**WHAT TO PRODUCE**.
Print exactly those lines that run from the beginning of the data to the line bearing "Garamendi anima a", inclusive.

**RECORDS FOR THE EXERCISE**.
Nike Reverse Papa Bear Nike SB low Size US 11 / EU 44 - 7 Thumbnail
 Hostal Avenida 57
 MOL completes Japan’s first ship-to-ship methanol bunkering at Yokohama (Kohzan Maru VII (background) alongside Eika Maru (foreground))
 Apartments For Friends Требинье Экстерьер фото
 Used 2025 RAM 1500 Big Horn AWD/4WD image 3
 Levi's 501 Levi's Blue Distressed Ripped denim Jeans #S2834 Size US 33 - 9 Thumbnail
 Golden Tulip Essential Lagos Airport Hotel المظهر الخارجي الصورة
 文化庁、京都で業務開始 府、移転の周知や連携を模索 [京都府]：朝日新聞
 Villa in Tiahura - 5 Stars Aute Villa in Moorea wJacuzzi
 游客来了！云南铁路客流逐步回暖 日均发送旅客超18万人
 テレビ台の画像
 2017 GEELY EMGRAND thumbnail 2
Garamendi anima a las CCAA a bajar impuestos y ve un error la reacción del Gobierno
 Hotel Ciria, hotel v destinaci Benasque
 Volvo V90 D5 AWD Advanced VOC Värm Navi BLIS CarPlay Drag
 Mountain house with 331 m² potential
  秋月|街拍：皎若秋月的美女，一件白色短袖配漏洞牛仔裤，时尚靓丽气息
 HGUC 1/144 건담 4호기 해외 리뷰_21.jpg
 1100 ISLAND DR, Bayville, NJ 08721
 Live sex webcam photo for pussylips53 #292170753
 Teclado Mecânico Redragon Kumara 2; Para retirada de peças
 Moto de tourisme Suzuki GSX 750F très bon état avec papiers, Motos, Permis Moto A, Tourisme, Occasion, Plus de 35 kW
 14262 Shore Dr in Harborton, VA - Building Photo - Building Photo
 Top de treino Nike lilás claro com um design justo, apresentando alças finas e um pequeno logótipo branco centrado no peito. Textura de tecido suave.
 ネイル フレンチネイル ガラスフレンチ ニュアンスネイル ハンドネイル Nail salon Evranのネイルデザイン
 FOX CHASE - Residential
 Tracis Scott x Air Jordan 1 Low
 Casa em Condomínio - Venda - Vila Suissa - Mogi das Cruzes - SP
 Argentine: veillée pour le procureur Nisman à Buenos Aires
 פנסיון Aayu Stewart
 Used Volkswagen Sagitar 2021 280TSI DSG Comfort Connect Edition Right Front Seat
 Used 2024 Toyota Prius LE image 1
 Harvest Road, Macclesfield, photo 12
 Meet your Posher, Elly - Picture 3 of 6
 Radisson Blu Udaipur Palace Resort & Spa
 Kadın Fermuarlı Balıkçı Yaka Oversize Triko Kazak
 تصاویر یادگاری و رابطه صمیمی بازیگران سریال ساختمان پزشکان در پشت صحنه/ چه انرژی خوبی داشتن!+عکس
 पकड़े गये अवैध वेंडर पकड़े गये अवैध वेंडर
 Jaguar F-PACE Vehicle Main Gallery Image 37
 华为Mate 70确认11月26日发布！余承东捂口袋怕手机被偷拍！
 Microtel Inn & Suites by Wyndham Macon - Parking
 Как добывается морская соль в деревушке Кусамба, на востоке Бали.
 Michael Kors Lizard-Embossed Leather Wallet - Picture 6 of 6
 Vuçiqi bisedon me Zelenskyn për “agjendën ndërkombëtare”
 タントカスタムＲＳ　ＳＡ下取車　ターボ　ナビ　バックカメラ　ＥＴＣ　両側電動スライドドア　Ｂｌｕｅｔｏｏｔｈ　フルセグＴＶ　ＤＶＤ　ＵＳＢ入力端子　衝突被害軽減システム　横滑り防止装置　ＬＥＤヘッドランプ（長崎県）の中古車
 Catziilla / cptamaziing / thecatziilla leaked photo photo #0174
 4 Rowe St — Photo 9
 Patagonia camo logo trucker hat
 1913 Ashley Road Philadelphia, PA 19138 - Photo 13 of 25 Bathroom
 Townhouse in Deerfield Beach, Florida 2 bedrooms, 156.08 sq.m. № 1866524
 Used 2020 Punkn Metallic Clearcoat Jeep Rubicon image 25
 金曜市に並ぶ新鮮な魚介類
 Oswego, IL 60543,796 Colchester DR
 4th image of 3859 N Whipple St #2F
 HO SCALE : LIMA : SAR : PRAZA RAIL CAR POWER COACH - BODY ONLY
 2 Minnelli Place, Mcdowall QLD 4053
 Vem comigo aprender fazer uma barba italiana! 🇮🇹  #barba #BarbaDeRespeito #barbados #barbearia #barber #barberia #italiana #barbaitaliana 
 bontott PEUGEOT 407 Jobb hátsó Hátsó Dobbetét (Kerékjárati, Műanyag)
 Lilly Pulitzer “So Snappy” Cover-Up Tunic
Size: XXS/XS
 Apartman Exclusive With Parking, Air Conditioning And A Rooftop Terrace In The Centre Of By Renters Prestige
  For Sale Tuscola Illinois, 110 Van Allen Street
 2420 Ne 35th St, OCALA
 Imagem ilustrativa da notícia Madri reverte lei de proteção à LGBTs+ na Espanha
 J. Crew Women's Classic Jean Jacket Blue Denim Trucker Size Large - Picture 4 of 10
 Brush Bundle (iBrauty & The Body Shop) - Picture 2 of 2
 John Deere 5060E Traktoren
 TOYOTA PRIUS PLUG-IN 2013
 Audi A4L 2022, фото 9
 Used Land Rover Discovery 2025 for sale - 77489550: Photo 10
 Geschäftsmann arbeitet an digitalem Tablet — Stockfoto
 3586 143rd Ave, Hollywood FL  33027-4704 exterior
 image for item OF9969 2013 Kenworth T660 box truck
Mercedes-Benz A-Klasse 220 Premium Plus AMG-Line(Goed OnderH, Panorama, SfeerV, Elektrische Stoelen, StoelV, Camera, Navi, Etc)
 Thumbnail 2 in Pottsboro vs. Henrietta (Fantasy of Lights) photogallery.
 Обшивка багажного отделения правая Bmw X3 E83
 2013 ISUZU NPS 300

**ANSWER FOR THE TASK**.
Nike Reverse Papa Bear Nike SB low Size US 11 / EU 44 - 7 Thumbnail
 Hostal Avenida 57
 MOL completes Japan’s first ship-to-ship methanol bunkering at Yokohama (Kohzan Maru VII (background) alongside Eika Maru (foreground))
 Apartments For Friends Требинье Экстерьер фото
 Used 2025 RAM 1500 Big Horn AWD/4WD image 3
 Levi's 501 Levi's Blue Distressed Ripped denim Jeans #S2834 Size US 33 - 9 Thumbnail
 Golden Tulip Essential Lagos Airport Hotel المظهر الخارجي الصورة
 文化庁、京都で業務開始 府、移転の周知や連携を模索 [京都府]：朝日新聞
 Villa in Tiahura - 5 Stars Aute Villa in Moorea wJacuzzi
 游客来了！云南铁路客流逐步回暖 日均发送旅客超18万人
 テレビ台の画像
 2017 GEELY EMGRAND thumbnail 2
Garamendi anima a las CCAA a bajar impuestos y ve un error la reacción del Gobierno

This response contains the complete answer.